→ **WHAT YOU WILL DO**
Omit every picture and return the rest of the data unaltered.

____ PROVIDED MATERIAL

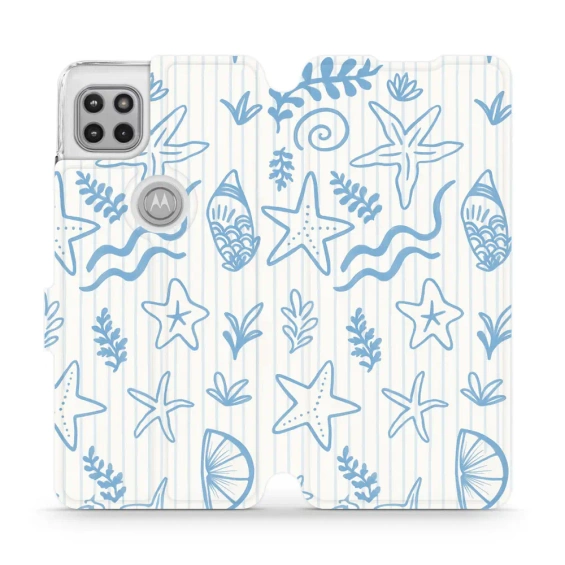 Hülle für Motorola Moto G 5G - Farbe VP88S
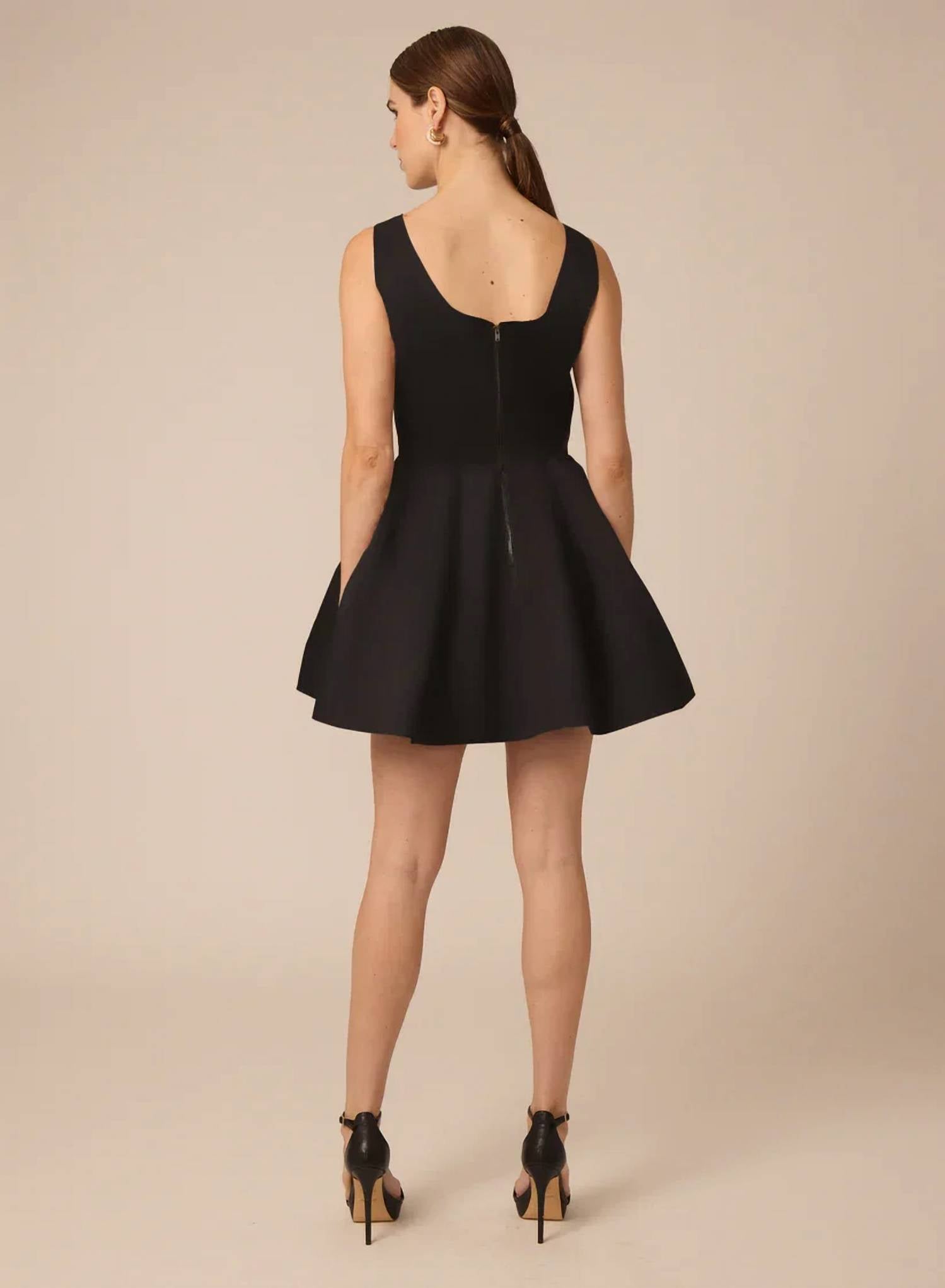 Gilner Farrar - Adrianne Dress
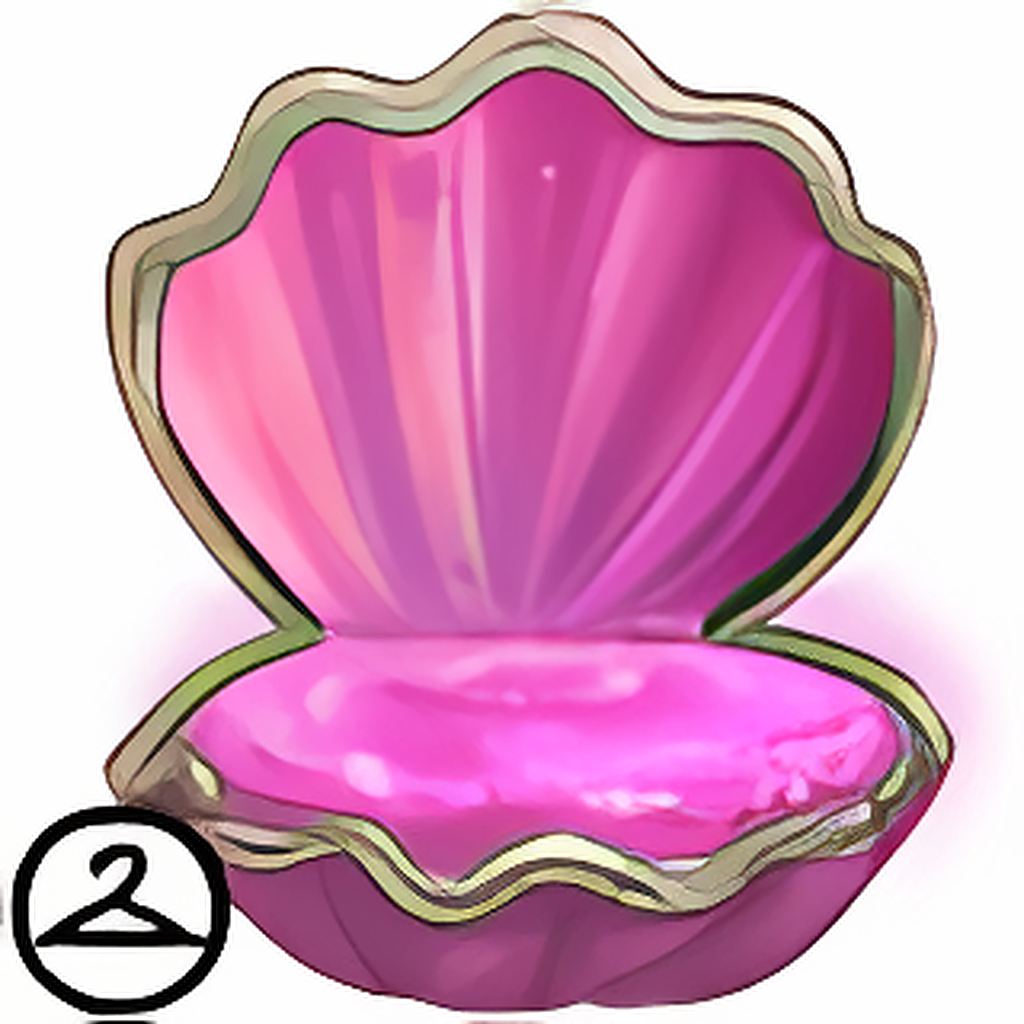 Dyeworks Magenta: Seashell Throne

________

→ **SOLUTION TO THIS EXERCISE**
 Hülle für Motorola Moto G 5G - Farbe VP88S
 Gilner Farrar - Adrianne Dress
 Dyeworks Magenta: Seashell Throne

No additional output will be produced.